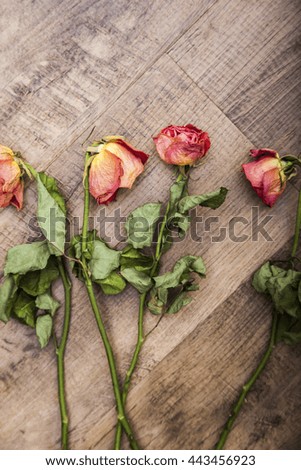 faded roses on the wooden table,retro style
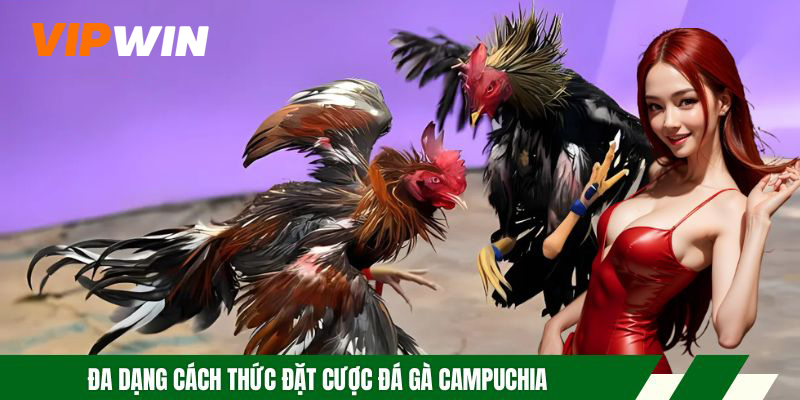 Đa dạng cách thức đặt cược đá gà Campuchia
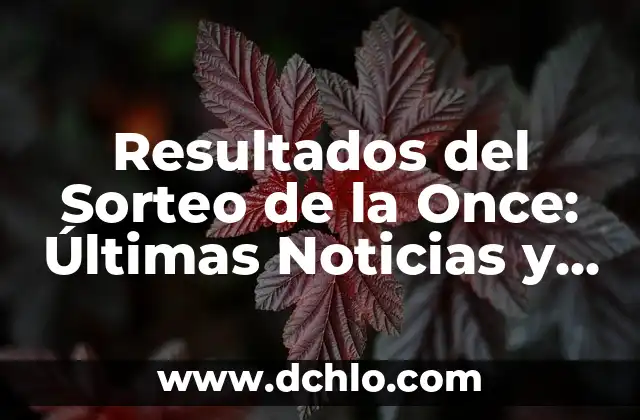 Resultados de Partido del Real Madrid en Vivo: Últimas Noticias y Análisis 7 Resultados del Sorteo de la Once: Últimas Noticias y Análisis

+ + + + +

__ACTIVITY__: Leave every picture out, and transcribe the data above exactly as it reads.

__RESPONSE__:
 faded roses on the wooden table,retro style
 Đa dạng cách thức đặt cược đá gà Campuchia
 Resultados de Partido del Real Madrid en Vivo: Últimas Noticias y Análisis 7 Resultados del Sorteo de la Once: Últimas Noticias y Análisis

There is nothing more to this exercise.